Nah, setelah berulang kali lobi-lobi namun tetap tidak ada kabar, akhirnya pemprov memilih investor baru, yakni Persada Investment (Panin Group). Tapi seiring waktu juga, nasibnya sama. Tidak ada kejelasan pembangunan.
Padahal Sisi Darat sudah selesai 100% pada akhir desember 2013. walhasil, kini ada bandara Abunawas di Samarinda, bandara yang terminal penumpangnya megah tapi tidak ada landas pacunya.
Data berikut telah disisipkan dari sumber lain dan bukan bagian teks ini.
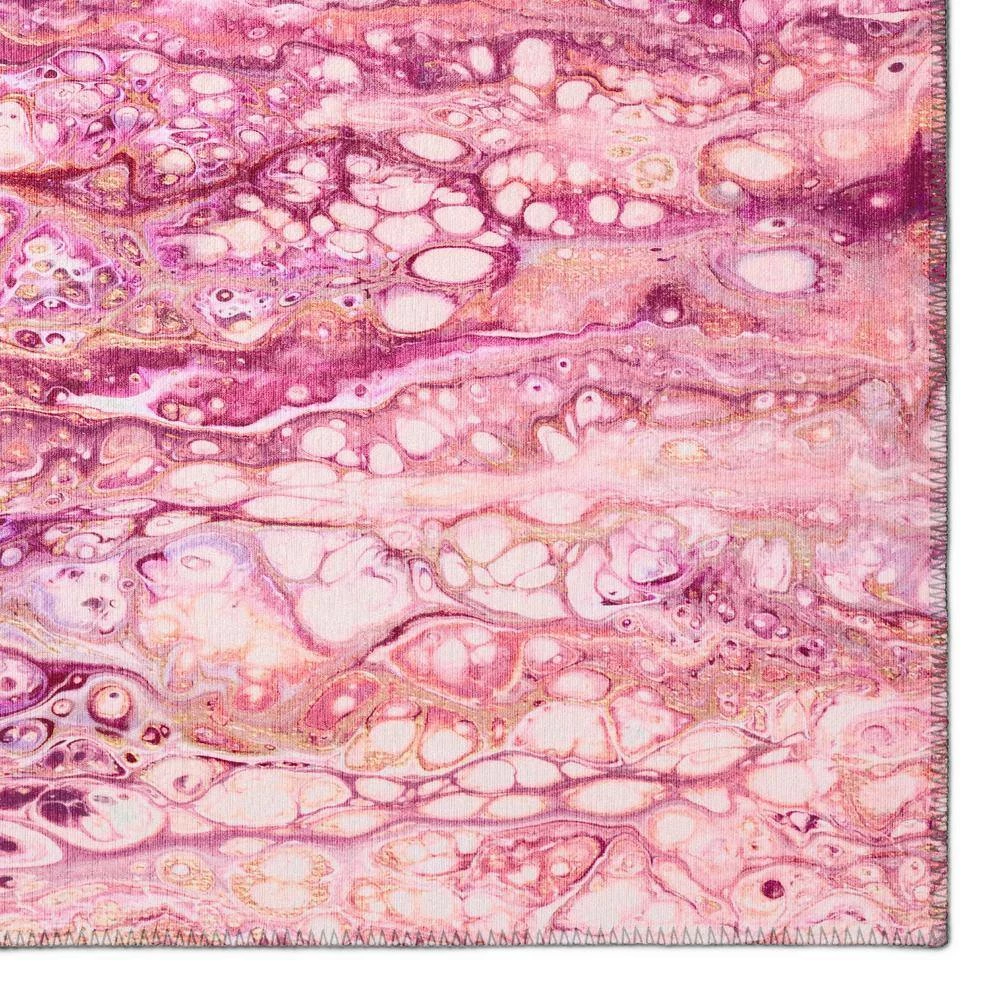 Copeland Flamingo 1 ft. 8 in. x 2 ft. 6 in. Abstract Accent Rug by Addison Rugs 6 Copeland Flamingo 1 ft. 8 in. x 2 ft. 6 in. Abstract Accent Rug by Addison Rugs - Image 4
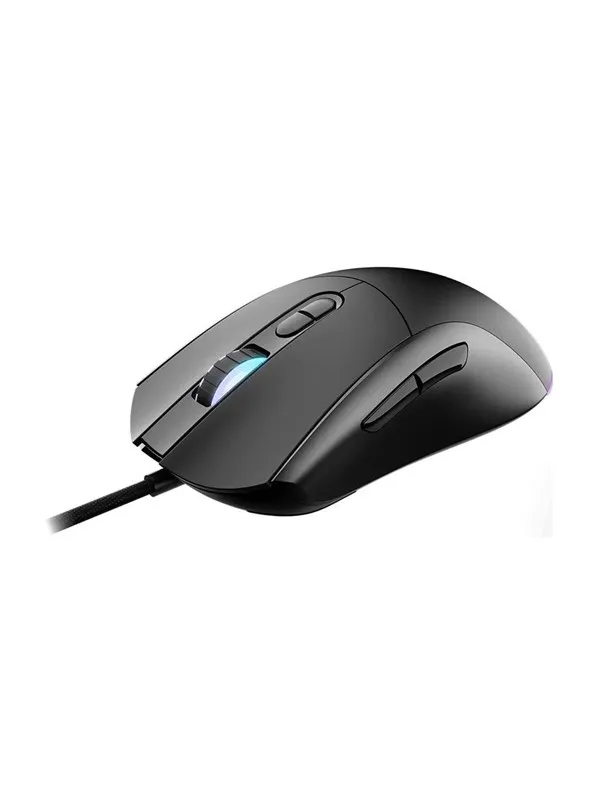 MSI FORGE GM320 - mouse - USB 2.0 - Mus - Optisk - 7 - Svart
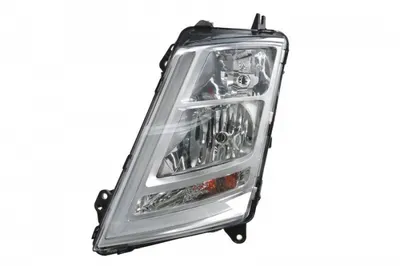 Far stanga (H1 H7 LED PY21W, manual, culoare insert: argintiu) potrivit VOLVO FH II 01.12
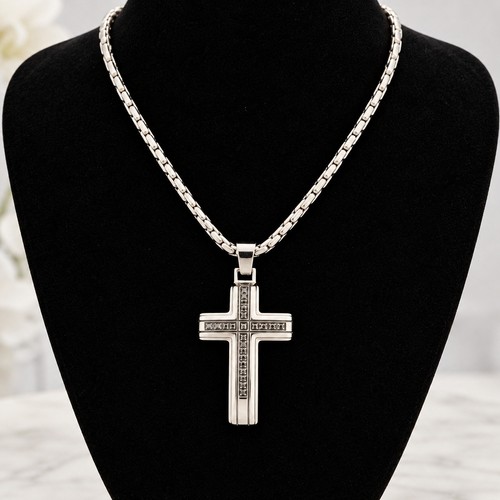 Collana shr croce - collana, uomo
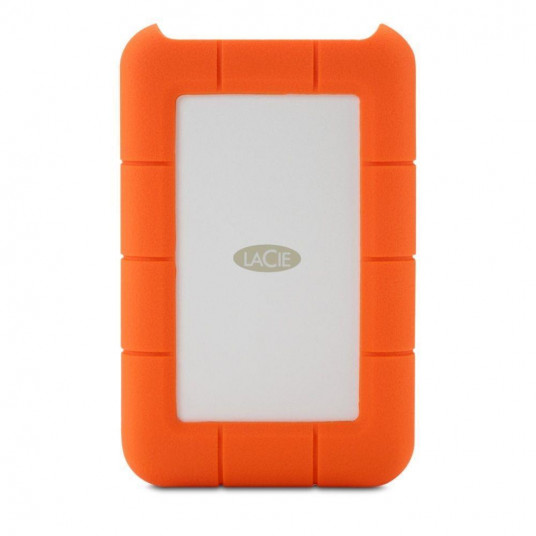 Ulkoiset kiintolevy (HDD)|LACIE|4TB|USB-C|Väri oranssi|STFR4000800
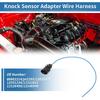 No.88862214 Knock Sensor Connector Pigtail Electrical Wire Harness for Chevrolet K1500 K2500 K3500 for GMC C1500 C2500 C3500 Pickup 1988-1990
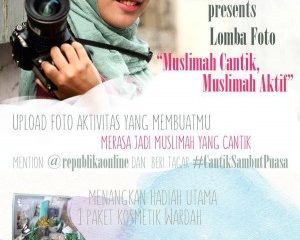 Kontes Foto Muslimah Cantik, Muslimah Aktif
Memang masih banyak pemberitaan tentang "optimisme" penyelesaian proyek BSB ini. Namun saya masih tetap menganggapnya berita tak bermakna, selagi belum ada groundbreaking yang nyata untuk sisi udara. biarlah berita-berita "optimis" itu tetap ada agar kita tidak lupa dengan BSB, tapi jangan dijadikan pegangan. Selama beton belum dicor ke tanah, saya masih tidak berharap banyak, masih harus mengandalkan sepinggan, masih harus sabar dengan derita mabuk darat menuju Balikpapan. Menyebalkan!